Any expenses related to the investment, including escrow or deposit funds, maintenance fees, insurance, and repairs must be paid directly from the self-directed Real Estate IRA. This means the IRA must have sufficient cash to pay these amounts.
Partnering Your IRA
One way investors acquire funds to make larger investments is to combine their IRA funds with another person’s IRA funds. Here is an example of how the income and expenses would be divided in the case that you partnered with another IRA:
Real Estate IRA Property Management
Once your IRA has purchased real estate, you can start making management decisions, such as choosing tenants, contractors, or individuals to maintain the property. As the IRA holder, you cannot be the property manager, nor can you perform the labor. Property management companies can be very useful to help real estate investors navigate day-to-day operations and avoid the risk of prohibited transactions. See IRS Code 4975.
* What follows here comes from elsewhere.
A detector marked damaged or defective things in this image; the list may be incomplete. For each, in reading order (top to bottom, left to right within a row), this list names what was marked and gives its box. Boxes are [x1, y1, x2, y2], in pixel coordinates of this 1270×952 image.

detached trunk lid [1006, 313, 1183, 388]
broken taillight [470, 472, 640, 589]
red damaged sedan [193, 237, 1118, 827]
Property management encompasses duties such as:
- Accounting and record keeping
- Check disbursement
- Property maintenance and repairs
- Rent collection
Finding a Property Manager
While the IRS doesn’t require it, it is advisable to find a property manager that specializes in your area of investments (residential or commercial). A personal referral is a good way to ensure that you are contracting with a reputable firm. You may ask a real estate professional, title company, or other investors in your area who they use to manage their properties. Joining and attending local real estate investor groups can provide a wealth of information from seasoned investors. Trade groups such as the Institute of Real Estate Management (IREM) and National Apartment Association (NAA) can also provide referrals.
Research property managers before calling them for an interview. Check their licenses and certifications. Drive by properties they manage to see how they are maintained. Find out how they handle vacancies. Check to see if any complaints have been filed against them. You should also consider how many units they manage and what type of insurance they carry. Before hiring a property manager, determine exactly what services the firm will provide, and of course, knowing a company’s fee structure is imperative.
It is important to have a properly prepared agreement that fits the needs of your investment property. Review the contract carefully. You may even want to involve your attorney. The property management agreement will be made in the name of the IRA and is signed by Entrust for the benefit of the IRA at your direction.
For example: The Entrust Group, Inc. FBO John Smith Account #12345.
Be sure to review the liability that the property manager holds. A “hold harmless clause” typically protects the property manager, except in cases of negligence. To protect the property from negligence on the part of contractors or third parties who the property manager hires, make sure to include a reasonable care clause in the agreement.
Income and Expenses
Any income (rent) coming from the property cannot be deposited into any non-IRA account. This would be counted as a distribution. It is a prohibited transaction to pay yourself profits generated from the IRA’s rental property. An investor may hire a third party who is not a disqualified person to be the property manager and handle the cash flow or daily operations.